**TO DO:**
What lines in the data hold the string "Clothing"? Show them.

**AVAILABLE RECORDS:**
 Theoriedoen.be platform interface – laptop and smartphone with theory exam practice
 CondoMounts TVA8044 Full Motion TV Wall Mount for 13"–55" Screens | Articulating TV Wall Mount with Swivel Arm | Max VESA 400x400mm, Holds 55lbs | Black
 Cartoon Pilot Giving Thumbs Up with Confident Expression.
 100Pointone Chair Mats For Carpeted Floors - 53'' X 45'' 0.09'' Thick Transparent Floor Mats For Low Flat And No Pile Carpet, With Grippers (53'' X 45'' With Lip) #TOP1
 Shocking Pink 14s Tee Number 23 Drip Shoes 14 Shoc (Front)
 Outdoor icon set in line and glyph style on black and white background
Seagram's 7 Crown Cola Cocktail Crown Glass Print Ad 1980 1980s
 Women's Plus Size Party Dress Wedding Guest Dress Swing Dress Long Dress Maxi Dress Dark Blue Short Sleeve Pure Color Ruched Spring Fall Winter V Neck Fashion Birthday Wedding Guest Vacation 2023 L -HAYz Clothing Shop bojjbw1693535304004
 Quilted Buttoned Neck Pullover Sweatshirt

* * *

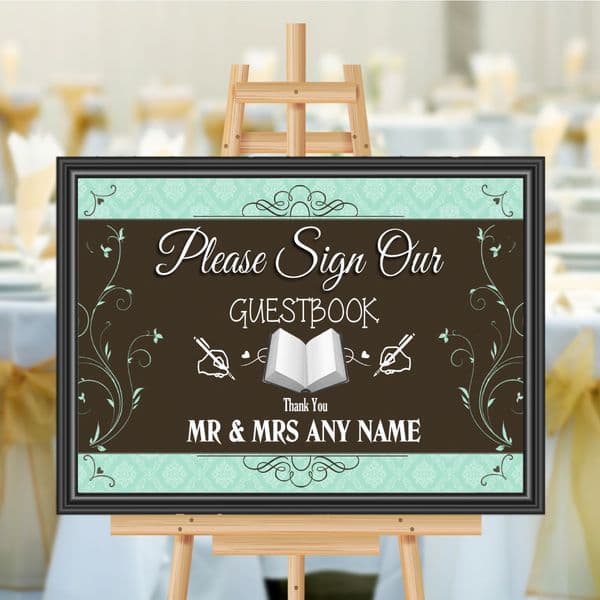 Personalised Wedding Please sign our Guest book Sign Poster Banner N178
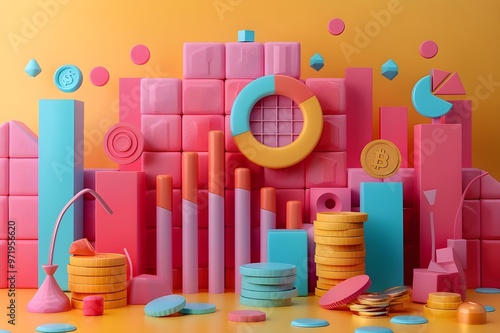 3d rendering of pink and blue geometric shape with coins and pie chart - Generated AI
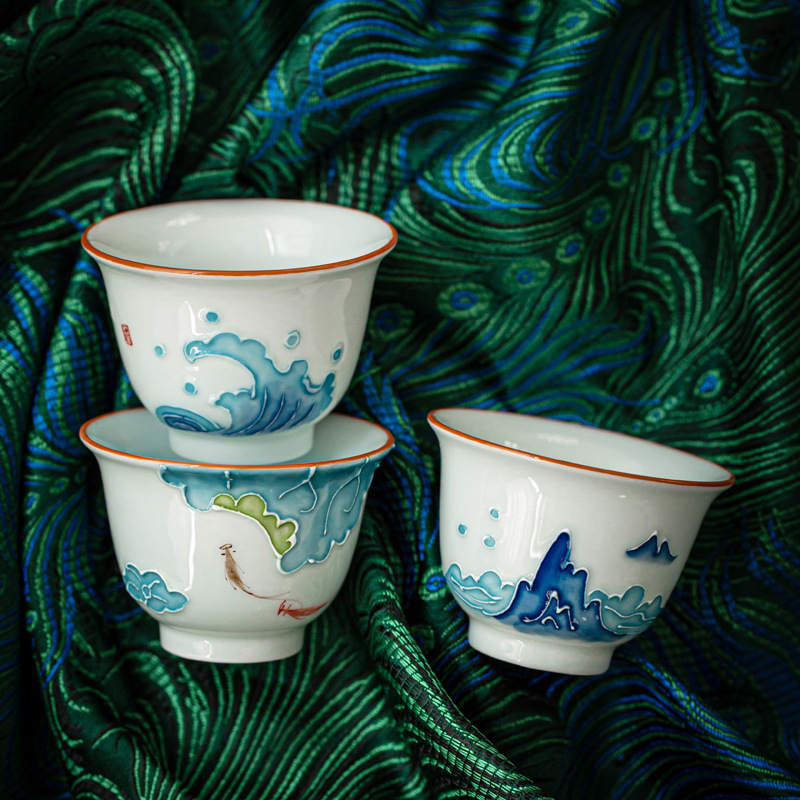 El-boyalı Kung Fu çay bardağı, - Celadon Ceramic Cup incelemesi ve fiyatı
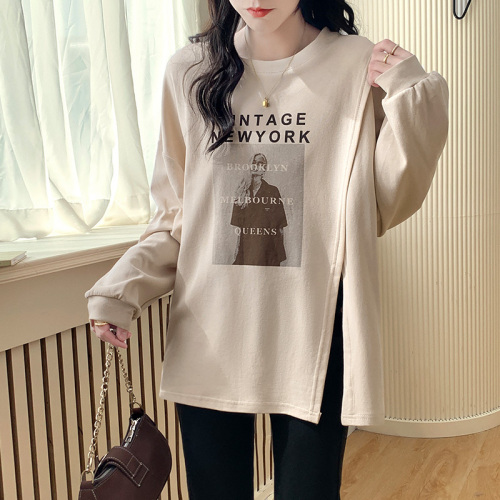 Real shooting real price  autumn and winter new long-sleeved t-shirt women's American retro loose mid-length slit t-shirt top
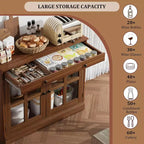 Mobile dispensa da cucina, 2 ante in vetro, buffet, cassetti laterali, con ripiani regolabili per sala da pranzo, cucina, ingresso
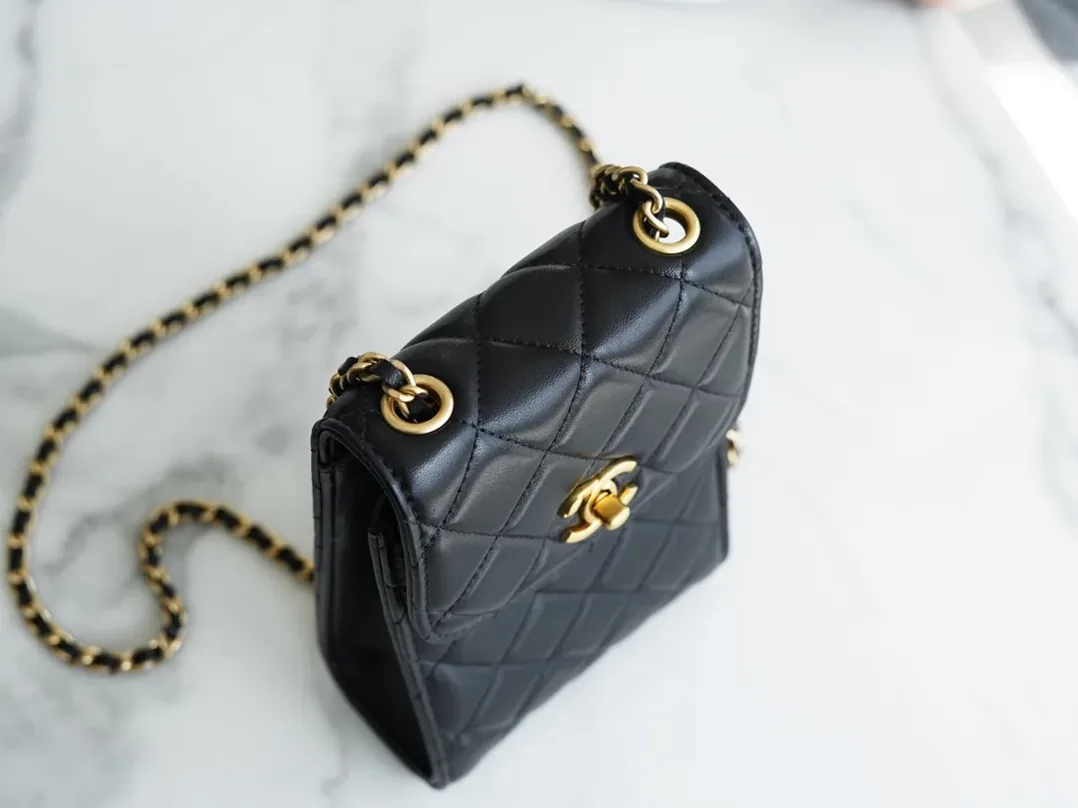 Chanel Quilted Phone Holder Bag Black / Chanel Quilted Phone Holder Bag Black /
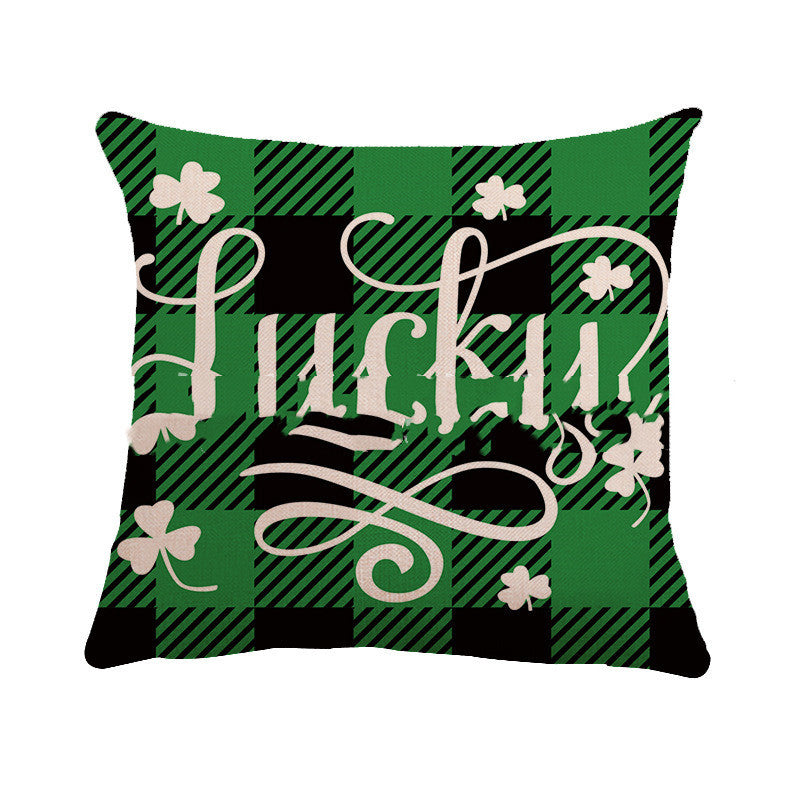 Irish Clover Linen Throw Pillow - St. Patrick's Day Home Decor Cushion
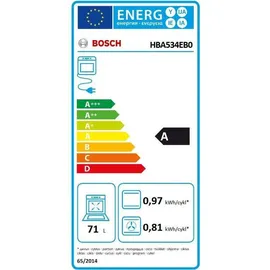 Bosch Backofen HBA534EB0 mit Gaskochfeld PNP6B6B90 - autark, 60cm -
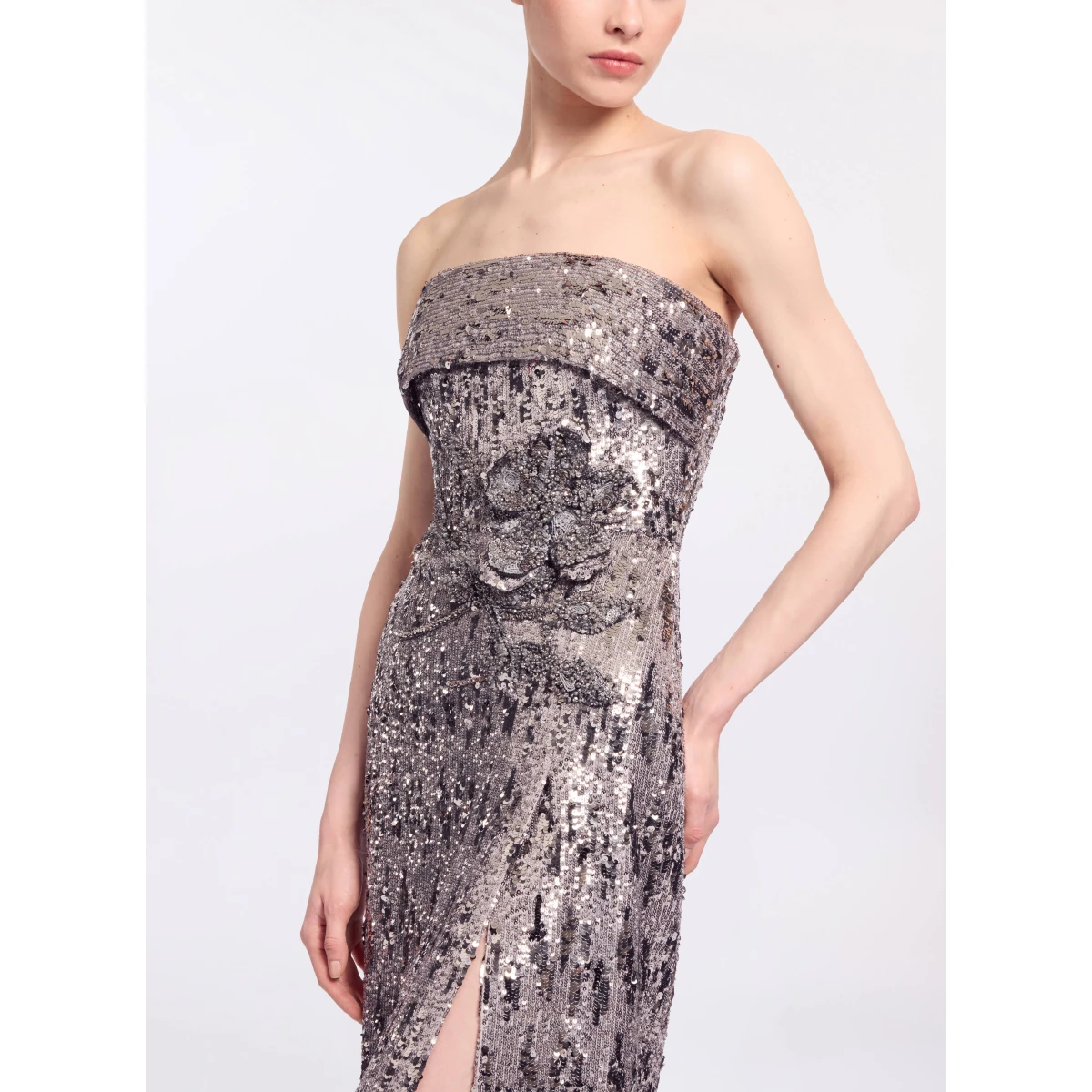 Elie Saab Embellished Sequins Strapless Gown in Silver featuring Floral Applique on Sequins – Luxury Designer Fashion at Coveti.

* * *

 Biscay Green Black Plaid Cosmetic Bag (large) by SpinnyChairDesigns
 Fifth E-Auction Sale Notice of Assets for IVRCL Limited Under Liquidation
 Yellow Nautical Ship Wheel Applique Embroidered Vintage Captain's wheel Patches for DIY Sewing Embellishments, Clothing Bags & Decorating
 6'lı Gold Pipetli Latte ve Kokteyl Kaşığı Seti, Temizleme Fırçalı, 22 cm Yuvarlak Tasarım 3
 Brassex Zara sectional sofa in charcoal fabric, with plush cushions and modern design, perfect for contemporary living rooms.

**ANSWER TO THIS TASK:**
 Women's Plus Size Party Dress Wedding Guest Dress Swing Dress Long Dress Maxi Dress Dark Blue Short Sleeve Pure Color Ruched Spring Fall Winter V Neck Fashion Birthday Wedding Guest Vacation 2023 L -HAYz Clothing Shop bojjbw1693535304004
 Yellow Nautical Ship Wheel Applique Embroidered Vintage Captain's wheel Patches for DIY Sewing Embellishments, Clothing Bags & Decorating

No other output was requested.